Exercise objective >>
Only the lines below from the one that holds "Operating the DSF-2000" through the one that holds "Prior to adopting" should appear in the answer, copied exactly, end lines included and pictures omitted.

Data for analysis >>

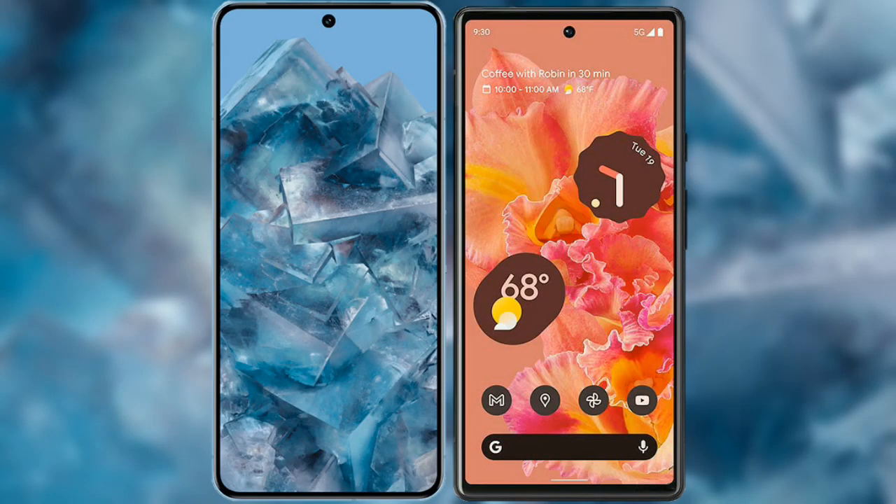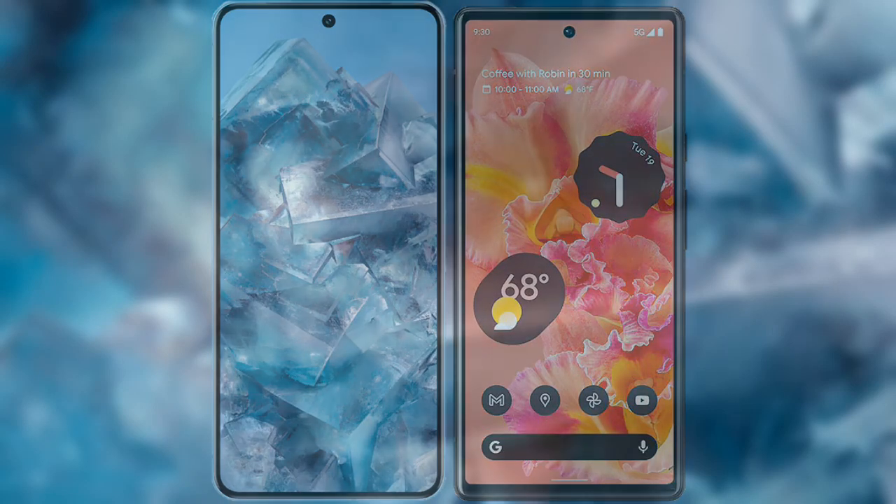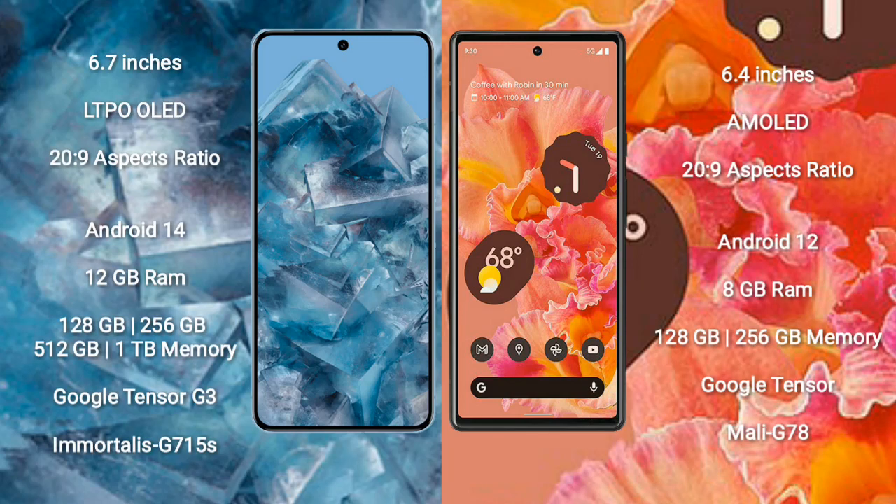I will compare the new Google Pixel 8 Pro with the Google Pixel 6. The Google Pixel 8 Pro comes with a 6.7-inch LTPO OLED display and an aspect ratio of 20:9. The Google Pixel 6 comes with a 6.4-inch AMOLED display and an aspect ratio of 20:9.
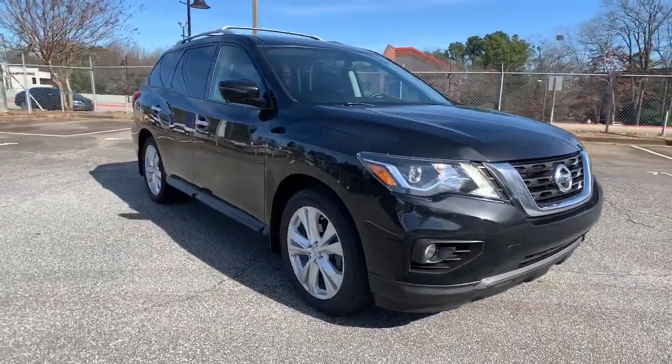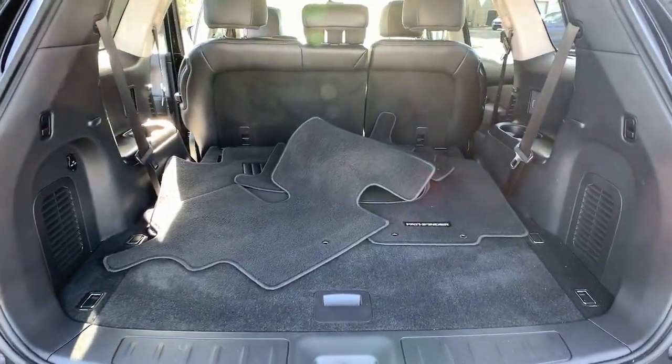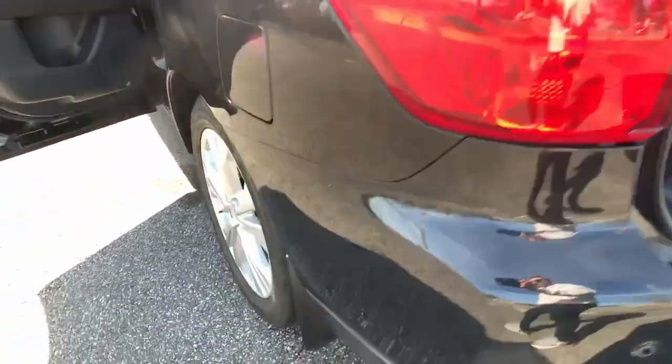These are just some of the great options this vehicle comes with: Keyless Entry, Navigation System, Backup Camera, Satellite Radio, Power Passenger Seat.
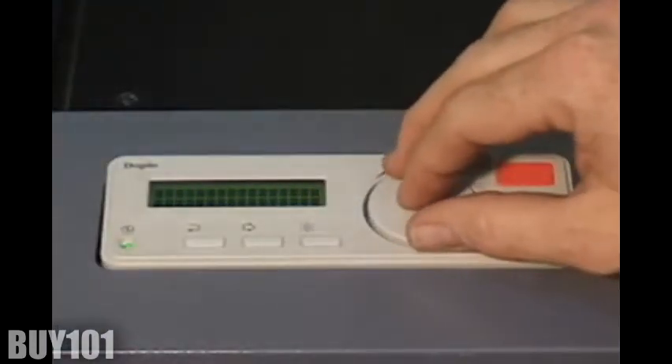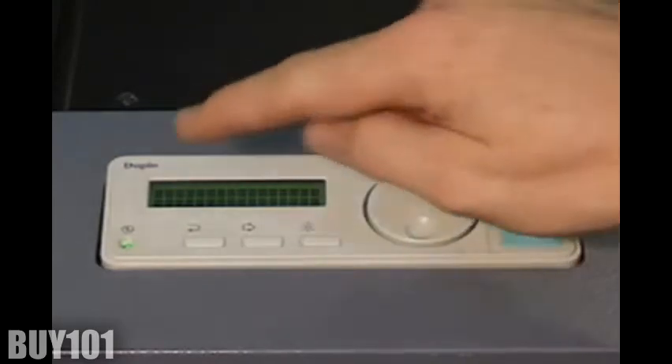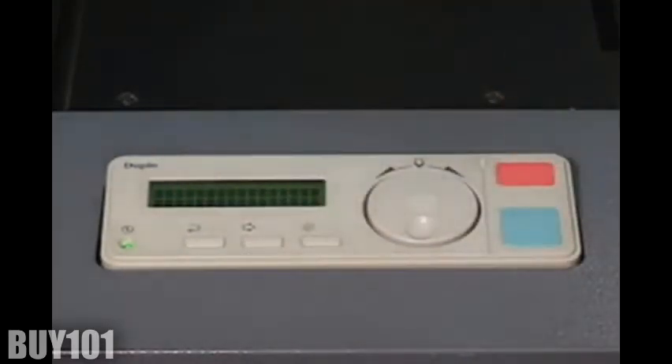Operating the DSF-2000 is simple. Load the stock, select the job via the easy-to-use control panel, and push the start button.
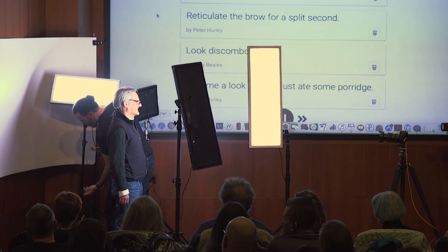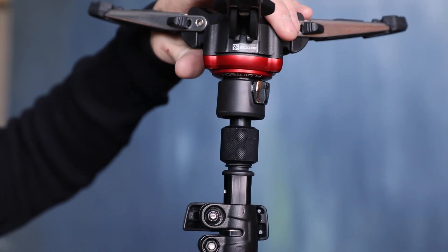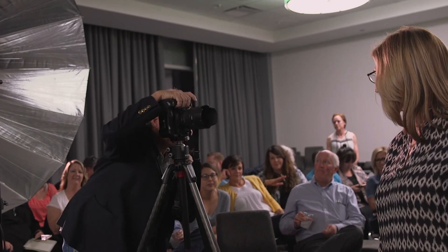Guys, these Manfrotto little tiny stands are my favorite. This is like a total game changer. I didn't think it could ever get better, but Manfrotto makes that happen. Having the right tools with our photography is going to help us do the job better.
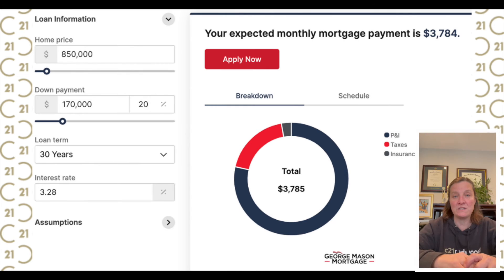At 20% down, we see that the down payment increases to $170,000. The mortgage insurance completely disappears and the holding costs are reduced to $3,785 per month.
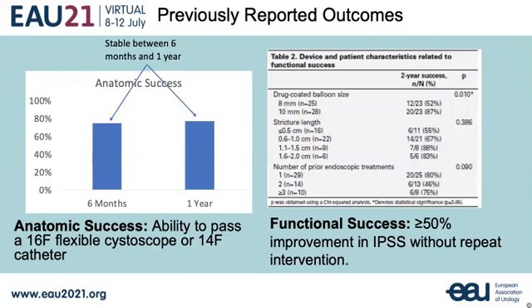However, subjects treated with a 30 French balloon showed significantly better outcomes than those treated with a 24 French balloon. Sizing of the drug-coated balloon to the healthy distal urethra has proven to be critical for proper drug delivery and outcomes. It should be noted that the 30 French balloon has become the standard sizing for bulbar strictures based on this data.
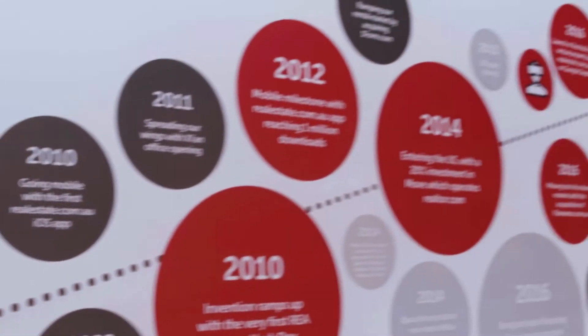Prior to adopting Adobe Sign, the process largely involved — and we undertake thousands of contracts every month — really a matter of somebody printing out pieces of paper, sending it to our clients or emailing it to them, and then the clients downloading that, signing it, and re-scanning it in.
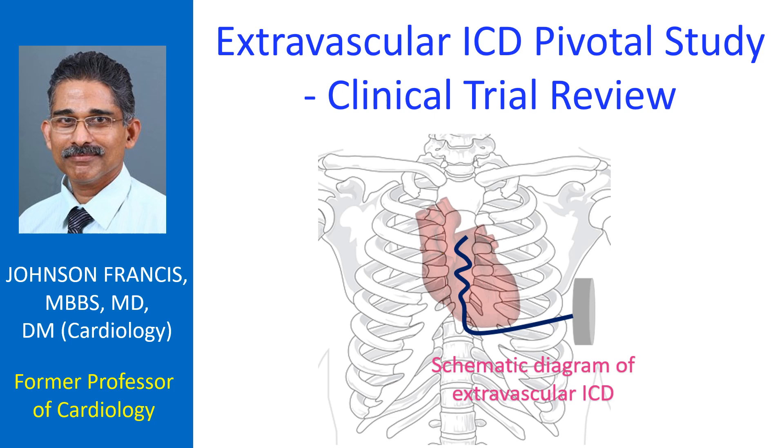Extravascular implantable cardiovascular defibrillator is a novel concept. Lead systems are considered to be the Achilles heel of conventional transvenous ICDs.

Solution >>
Operating the DSF-2000 is simple. Load the stock, select the job via the easy-to-use control panel, and push the start button.
Guys, these Manfrotto little tiny stands are my favorite. This is like a total game changer. I didn't think it could ever get better, but Manfrotto makes that happen. Having the right tools with our photography is going to help us do the job better.
At 20% down, we see that the down payment increases to $170,000. The mortgage insurance completely disappears and the holding costs are reduced to $3,785 per month.
However, subjects treated with a 30 French balloon showed significantly better outcomes than those treated with a 24 French balloon. Sizing of the drug-coated balloon to the healthy distal urethra has proven to be critical for proper drug delivery and outcomes. It should be noted that the 30 French balloon has become the standard sizing for bulbar strictures based on this data.
Prior to adopting Adobe Sign, the process largely involved — and we undertake thousands of contracts every month — really a matter of somebody printing out pieces of paper, sending it to our clients or emailing it to them, and then the clients downloading that, signing it, and re-scanning it in.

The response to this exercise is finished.